The extreme version of this argument would have the media jimmying the information environment and jimmying the polls, those results becoming part of the information environment, which influences the perceptions of futures buyers and subsequent poll respondents, and so on. But even this has its limits. The media can't control the interaction between events of real importance and the gradually developed public perceptions of candidates -- that interaction is what creates the overall trends.

Byron

Thursday, October 07, 2004

WMD

Saddam Hussein, his regime, and all like it -- they are the WMD. If Kerry is elected, the dreamers who refuse to understand that may get the opportunity to find out what that means. I still can't believe we would actually elect a man like that, but in a democracy you get the government you deserve. The media have been incredibly, shamefully irresponsible and will deserve a good slice of the credit.
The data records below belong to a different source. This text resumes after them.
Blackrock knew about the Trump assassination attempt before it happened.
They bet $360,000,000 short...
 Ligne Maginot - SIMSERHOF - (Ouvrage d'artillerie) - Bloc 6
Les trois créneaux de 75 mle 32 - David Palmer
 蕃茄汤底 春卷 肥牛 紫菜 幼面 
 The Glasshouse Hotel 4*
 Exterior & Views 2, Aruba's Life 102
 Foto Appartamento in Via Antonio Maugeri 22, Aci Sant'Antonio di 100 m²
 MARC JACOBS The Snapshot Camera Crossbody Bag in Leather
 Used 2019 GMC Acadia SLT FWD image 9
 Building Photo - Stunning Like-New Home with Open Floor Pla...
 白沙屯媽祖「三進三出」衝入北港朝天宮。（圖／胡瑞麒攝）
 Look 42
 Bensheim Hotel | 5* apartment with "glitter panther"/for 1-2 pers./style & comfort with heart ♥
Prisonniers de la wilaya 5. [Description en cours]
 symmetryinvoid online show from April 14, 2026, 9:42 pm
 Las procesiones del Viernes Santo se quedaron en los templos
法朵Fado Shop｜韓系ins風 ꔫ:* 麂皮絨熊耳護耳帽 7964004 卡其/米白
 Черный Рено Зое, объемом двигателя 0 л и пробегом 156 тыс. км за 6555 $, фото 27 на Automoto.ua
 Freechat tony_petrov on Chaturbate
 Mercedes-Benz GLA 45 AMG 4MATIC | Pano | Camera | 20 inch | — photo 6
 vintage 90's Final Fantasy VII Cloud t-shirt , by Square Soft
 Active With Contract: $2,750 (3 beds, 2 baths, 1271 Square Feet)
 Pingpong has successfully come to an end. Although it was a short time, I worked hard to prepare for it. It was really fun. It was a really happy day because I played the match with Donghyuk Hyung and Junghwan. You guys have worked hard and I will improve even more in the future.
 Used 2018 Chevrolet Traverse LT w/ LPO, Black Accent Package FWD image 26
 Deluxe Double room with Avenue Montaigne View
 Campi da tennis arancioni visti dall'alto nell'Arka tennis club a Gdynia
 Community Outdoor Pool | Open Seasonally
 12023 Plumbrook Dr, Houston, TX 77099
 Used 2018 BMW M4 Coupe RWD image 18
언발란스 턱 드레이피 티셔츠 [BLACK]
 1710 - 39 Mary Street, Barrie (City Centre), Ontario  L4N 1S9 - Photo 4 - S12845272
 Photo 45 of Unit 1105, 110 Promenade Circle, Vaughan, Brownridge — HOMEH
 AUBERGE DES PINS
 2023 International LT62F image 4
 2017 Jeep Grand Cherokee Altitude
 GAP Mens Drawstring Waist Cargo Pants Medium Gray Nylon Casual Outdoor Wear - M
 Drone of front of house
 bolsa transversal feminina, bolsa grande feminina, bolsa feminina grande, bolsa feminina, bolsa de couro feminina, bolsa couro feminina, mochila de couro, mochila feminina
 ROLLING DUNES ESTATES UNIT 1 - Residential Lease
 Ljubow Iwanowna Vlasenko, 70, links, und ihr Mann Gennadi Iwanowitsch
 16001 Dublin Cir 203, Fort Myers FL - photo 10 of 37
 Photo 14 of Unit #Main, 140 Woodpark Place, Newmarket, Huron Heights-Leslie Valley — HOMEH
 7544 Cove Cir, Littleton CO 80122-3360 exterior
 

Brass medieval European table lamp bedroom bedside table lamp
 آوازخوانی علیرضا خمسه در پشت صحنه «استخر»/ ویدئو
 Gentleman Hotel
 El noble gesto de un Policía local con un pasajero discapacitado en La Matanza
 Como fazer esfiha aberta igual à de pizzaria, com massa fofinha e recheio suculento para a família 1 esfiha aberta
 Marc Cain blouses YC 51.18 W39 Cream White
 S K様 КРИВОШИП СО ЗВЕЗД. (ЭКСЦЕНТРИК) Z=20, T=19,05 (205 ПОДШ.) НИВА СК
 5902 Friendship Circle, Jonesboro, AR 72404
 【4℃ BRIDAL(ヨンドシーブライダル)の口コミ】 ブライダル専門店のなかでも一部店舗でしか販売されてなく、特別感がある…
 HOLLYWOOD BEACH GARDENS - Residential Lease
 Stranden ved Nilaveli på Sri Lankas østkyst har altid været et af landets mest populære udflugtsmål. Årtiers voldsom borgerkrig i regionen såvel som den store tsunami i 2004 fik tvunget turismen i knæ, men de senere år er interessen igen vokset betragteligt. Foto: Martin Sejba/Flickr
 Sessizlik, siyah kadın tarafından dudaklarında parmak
There were many reasons to go into Iraq, including the weapons Saddam would have very quickly resumed making once the sanctions had further unravelled, thanks to the best efforts of our allies and the UN, who were being paid off. The only reason the inspectors, Blix and his Merry Band, were back in there is that we had 100k troops and their equipment baking and degrading in the desert sun; that was not sustainable. The CIA's George Tenet made the case for weapons stockpiles to a skeptical GW (see Woodward's book), assuring him those facts were "a slam dunk"; everybody agreed Saddam was a threat and had to be disarmed, including Kerry. Negotiations through the UN are working out nicely with respect to Iran, who should have nuclear weapons in a year or so to go with their new rockets for delivery. If Kerry is elected, that is the future. He even came out against developing the deep-bunker tac nukes that might deal with hardened underground sites. Incredible.